> **ACTION ITEM**
Each of the entries should be retyped precisely as it appears.

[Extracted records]
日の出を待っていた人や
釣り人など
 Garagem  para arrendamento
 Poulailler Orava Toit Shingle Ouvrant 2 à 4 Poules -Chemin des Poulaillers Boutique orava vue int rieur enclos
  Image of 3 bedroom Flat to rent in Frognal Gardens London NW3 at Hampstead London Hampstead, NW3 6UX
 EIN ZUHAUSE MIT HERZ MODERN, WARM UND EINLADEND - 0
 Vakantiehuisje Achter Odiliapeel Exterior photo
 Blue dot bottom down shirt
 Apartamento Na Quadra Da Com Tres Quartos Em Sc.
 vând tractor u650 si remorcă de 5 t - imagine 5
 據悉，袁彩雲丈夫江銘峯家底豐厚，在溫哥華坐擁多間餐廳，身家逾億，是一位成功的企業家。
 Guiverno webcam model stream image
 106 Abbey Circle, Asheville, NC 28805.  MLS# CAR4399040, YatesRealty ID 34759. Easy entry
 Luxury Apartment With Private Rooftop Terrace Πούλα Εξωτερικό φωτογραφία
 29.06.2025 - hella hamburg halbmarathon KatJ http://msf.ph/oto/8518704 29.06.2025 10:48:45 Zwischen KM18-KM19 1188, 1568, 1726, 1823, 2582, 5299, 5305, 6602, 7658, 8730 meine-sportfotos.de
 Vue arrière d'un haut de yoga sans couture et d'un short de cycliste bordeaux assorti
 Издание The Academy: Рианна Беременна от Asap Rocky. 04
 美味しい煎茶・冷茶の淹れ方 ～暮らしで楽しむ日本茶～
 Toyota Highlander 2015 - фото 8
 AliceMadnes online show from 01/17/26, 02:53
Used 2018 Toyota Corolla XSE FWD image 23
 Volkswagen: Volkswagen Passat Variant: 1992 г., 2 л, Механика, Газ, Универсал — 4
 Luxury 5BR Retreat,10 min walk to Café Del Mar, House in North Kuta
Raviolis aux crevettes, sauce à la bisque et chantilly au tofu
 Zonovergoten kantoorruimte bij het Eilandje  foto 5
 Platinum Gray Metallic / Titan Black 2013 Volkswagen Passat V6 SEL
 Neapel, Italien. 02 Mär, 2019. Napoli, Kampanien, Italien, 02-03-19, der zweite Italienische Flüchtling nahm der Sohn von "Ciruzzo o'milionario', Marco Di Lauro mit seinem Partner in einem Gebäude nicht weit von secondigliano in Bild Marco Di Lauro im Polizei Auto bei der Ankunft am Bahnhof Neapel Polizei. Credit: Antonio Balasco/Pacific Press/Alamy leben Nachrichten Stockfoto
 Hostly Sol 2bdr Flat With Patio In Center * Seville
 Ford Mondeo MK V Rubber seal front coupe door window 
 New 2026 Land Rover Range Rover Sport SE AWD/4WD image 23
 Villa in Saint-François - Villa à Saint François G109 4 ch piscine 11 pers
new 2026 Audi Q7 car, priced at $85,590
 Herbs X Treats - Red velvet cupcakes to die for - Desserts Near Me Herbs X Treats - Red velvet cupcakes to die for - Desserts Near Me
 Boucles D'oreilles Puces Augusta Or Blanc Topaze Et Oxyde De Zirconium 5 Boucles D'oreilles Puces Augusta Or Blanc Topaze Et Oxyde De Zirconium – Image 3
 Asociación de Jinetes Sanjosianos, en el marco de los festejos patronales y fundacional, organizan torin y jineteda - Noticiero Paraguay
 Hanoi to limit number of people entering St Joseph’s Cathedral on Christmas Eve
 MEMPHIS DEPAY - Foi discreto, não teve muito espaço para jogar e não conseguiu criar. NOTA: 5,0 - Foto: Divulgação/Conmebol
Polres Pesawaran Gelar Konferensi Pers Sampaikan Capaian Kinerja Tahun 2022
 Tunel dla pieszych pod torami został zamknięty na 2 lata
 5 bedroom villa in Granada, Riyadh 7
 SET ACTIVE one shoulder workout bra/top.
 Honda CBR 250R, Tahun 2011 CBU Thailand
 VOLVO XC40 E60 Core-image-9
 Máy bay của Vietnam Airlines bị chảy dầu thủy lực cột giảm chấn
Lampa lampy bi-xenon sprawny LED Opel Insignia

> **RESPONSE TO THE EXERCISE**
日の出を待っていた人や
釣り人など
 Garagem  para arrendamento
 Poulailler Orava Toit Shingle Ouvrant 2 à 4 Poules -Chemin des Poulaillers Boutique orava vue int rieur enclos
  Image of 3 bedroom Flat to rent in Frognal Gardens London NW3 at Hampstead London Hampstead, NW3 6UX
 EIN ZUHAUSE MIT HERZ MODERN, WARM UND EINLADEND - 0
 Vakantiehuisje Achter Odiliapeel Exterior photo
 Blue dot bottom down shirt
 Apartamento Na Quadra Da Com Tres Quartos Em Sc.
 vând tractor u650 si remorcă de 5 t - imagine 5
 據悉，袁彩雲丈夫江銘峯家底豐厚，在溫哥華坐擁多間餐廳，身家逾億，是一位成功的企業家。
 Guiverno webcam model stream image
 106 Abbey Circle, Asheville, NC 28805.  MLS# CAR4399040, YatesRealty ID 34759. Easy entry
 Luxury Apartment With Private Rooftop Terrace Πούλα Εξωτερικό φωτογραφία
 29.06.2025 - hella hamburg halbmarathon KatJ http://msf.ph/oto/8518704 29.06.2025 10:48:45 Zwischen KM18-KM19 1188, 1568, 1726, 1823, 2582, 5299, 5305, 6602, 7658, 8730 meine-sportfotos.de
 Vue arrière d'un haut de yoga sans couture et d'un short de cycliste bordeaux assorti
 Издание The Academy: Рианна Беременна от Asap Rocky. 04
 美味しい煎茶・冷茶の淹れ方 ～暮らしで楽しむ日本茶～
 Toyota Highlander 2015 - фото 8
 AliceMadnes online show from 01/17/26, 02:53
Used 2018 Toyota Corolla XSE FWD image 23
 Volkswagen: Volkswagen Passat Variant: 1992 г., 2 л, Механика, Газ, Универсал — 4
 Luxury 5BR Retreat,10 min walk to Café Del Mar, House in North Kuta
Raviolis aux crevettes, sauce à la bisque et chantilly au tofu
 Zonovergoten kantoorruimte bij het Eilandje  foto 5
 Platinum Gray Metallic / Titan Black 2013 Volkswagen Passat V6 SEL
 Neapel, Italien. 02 Mär, 2019. Napoli, Kampanien, Italien, 02-03-19, der zweite Italienische Flüchtling nahm der Sohn von "Ciruzzo o'milionario', Marco Di Lauro mit seinem Partner in einem Gebäude nicht weit von secondigliano in Bild Marco Di Lauro im Polizei Auto bei der Ankunft am Bahnhof Neapel Polizei. Credit: Antonio Balasco/Pacific Press/Alamy leben Nachrichten Stockfoto
 Hostly Sol 2bdr Flat With Patio In Center * Seville
 Ford Mondeo MK V Rubber seal front coupe door window 
 New 2026 Land Rover Range Rover Sport SE AWD/4WD image 23
 Villa in Saint-François - Villa à Saint François G109 4 ch piscine 11 pers
new 2026 Audi Q7 car, priced at $85,590
 Herbs X Treats - Red velvet cupcakes to die for - Desserts Near Me Herbs X Treats - Red velvet cupcakes to die for - Desserts Near Me
 Boucles D'oreilles Puces Augusta Or Blanc Topaze Et Oxyde De Zirconium 5 Boucles D'oreilles Puces Augusta Or Blanc Topaze Et Oxyde De Zirconium – Image 3
 Asociación de Jinetes Sanjosianos, en el marco de los festejos patronales y fundacional, organizan torin y jineteda - Noticiero Paraguay
 Hanoi to limit number of people entering St Joseph’s Cathedral on Christmas Eve
 MEMPHIS DEPAY - Foi discreto, não teve muito espaço para jogar e não conseguiu criar. NOTA: 5,0 - Foto: Divulgação/Conmebol
Polres Pesawaran Gelar Konferensi Pers Sampaikan Capaian Kinerja Tahun 2022
 Tunel dla pieszych pod torami został zamknięty na 2 lata
 5 bedroom villa in Granada, Riyadh 7
 SET ACTIVE one shoulder workout bra/top.
 Honda CBR 250R, Tahun 2011 CBU Thailand
 VOLVO XC40 E60 Core-image-9
 Máy bay của Vietnam Airlines bị chảy dầu thủy lực cột giảm chấn
Lampa lampy bi-xenon sprawny LED Opel Insignia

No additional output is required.